Certainly, training which increases awareness of our unconscious biases is useful, but is insufficient on its own to bring about greatly improved employment practices, because awareness alone of one’s deep-seated unconscious biases does not usually remove them.
A few definitions may help.
Cognitive bias occurs from different causes when we make judgements and decisions, and there are more than 150 known types of such bias. Gender bias is the general name given to any type of bias which occurs in a situation involving gender.
Most organisations which have written policies and procedures for recruitment, performance appraisal and promotion of staff believe they manage these key processes well and that their decisions are based on “merit”, which they regard as an objective concept but is actually very subjective, partly due to bias. Unfortunately, current data on the number of women in middle and senior positions in industry and academia in Australia indicate these beliefs that merit is objective are ill-founded, and gender bias is prevalent in many organisations. The problem is not only due to unconscious bias, as many commentators observe, but both conscious and unconscious bias and a general lack of understanding of how bias affects our decisions about people.

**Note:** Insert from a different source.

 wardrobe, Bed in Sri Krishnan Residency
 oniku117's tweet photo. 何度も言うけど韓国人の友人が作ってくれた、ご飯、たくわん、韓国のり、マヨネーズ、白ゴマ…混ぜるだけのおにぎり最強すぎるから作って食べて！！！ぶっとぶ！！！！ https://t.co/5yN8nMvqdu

a 1% bias against women in all promotion decisions produced twice as many men than women in the level reporting to the CEO
Modelling of an organisation with eight levels of management from the very bottom to the top, which initially had an equal number of men and women at each level, shows that a mere 1% bias against women in all promotion decisions produced twice as many men than women in the level reporting to the CEO. A 1% bias in decision-making is undetectable in practice, but this modelling showed the significant effect which a tiny amount of constant bias can have when management makes decisions about promotion of its staff.

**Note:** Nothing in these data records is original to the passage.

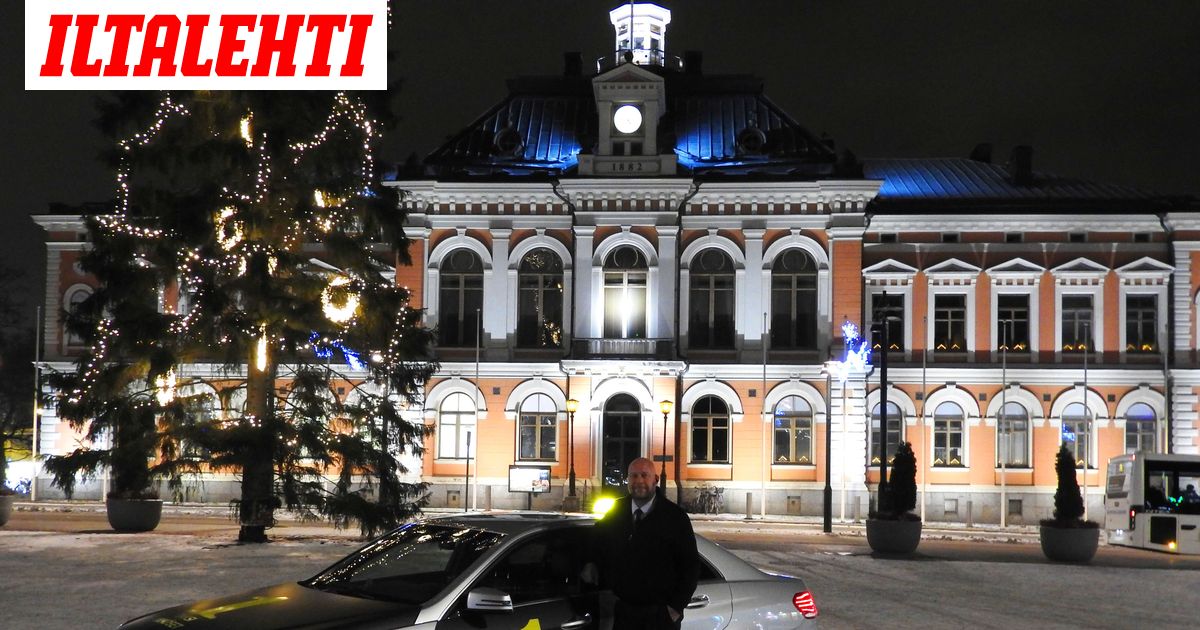 Asiakkaan Kuvailema Helvetillinen Kipu Heratti Taksikuskin Huolen Eskon 89 Hengen Pelastanut Marko Tuli Tervehtimaan Toipilasta Sairaalaan Ihmeen Hyvassa Kunnossa Tilanteeseen Nahden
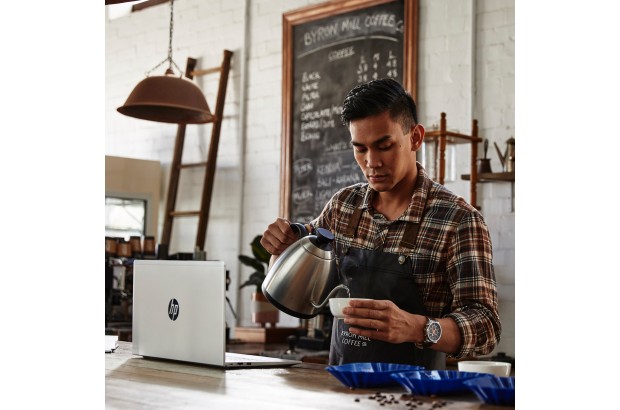 Laptop HP ProBook 450 G9 / 6F1R1EA / Intel Core i5 / 16GB / SSD 512 GB / Intel Xe / FullHD / Win 11 Pro / Srebrny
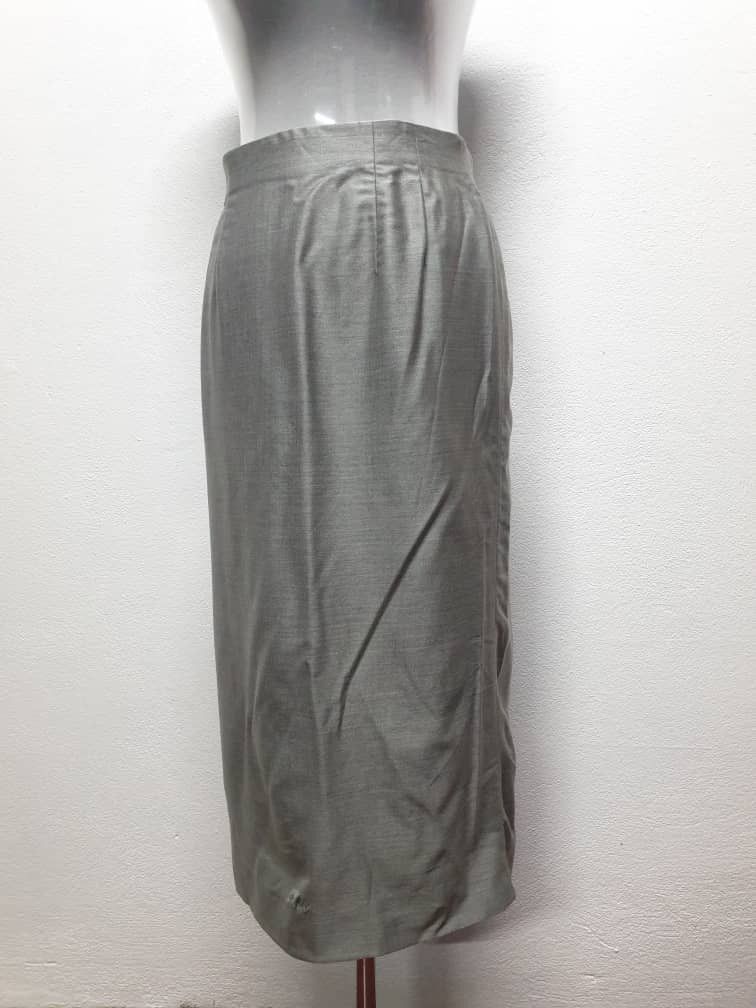 Givenchy Vintage Givenchy grey Colour luxury Skirt Size 28" / US 6 / IT 42 - 4 Thumbnail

In summary, conscious sexism does exist amongst Australian board members and managers to a greater degree than women may observe. Merit as a criterion for recruitment and promotion decisions is a very subjective concept, and is open to bias. Even slight biases in organisational decision-making can lead to wide differences in the distribution of genders across the organisation. Giving staff unconscious bias training is not enough to seriously reduce gender bias, because awareness of one’s unconscious biases does not usually remove them and such training does not address conscious bias. To mitigate gender bias, more comprehensive training and new organisational practices are required.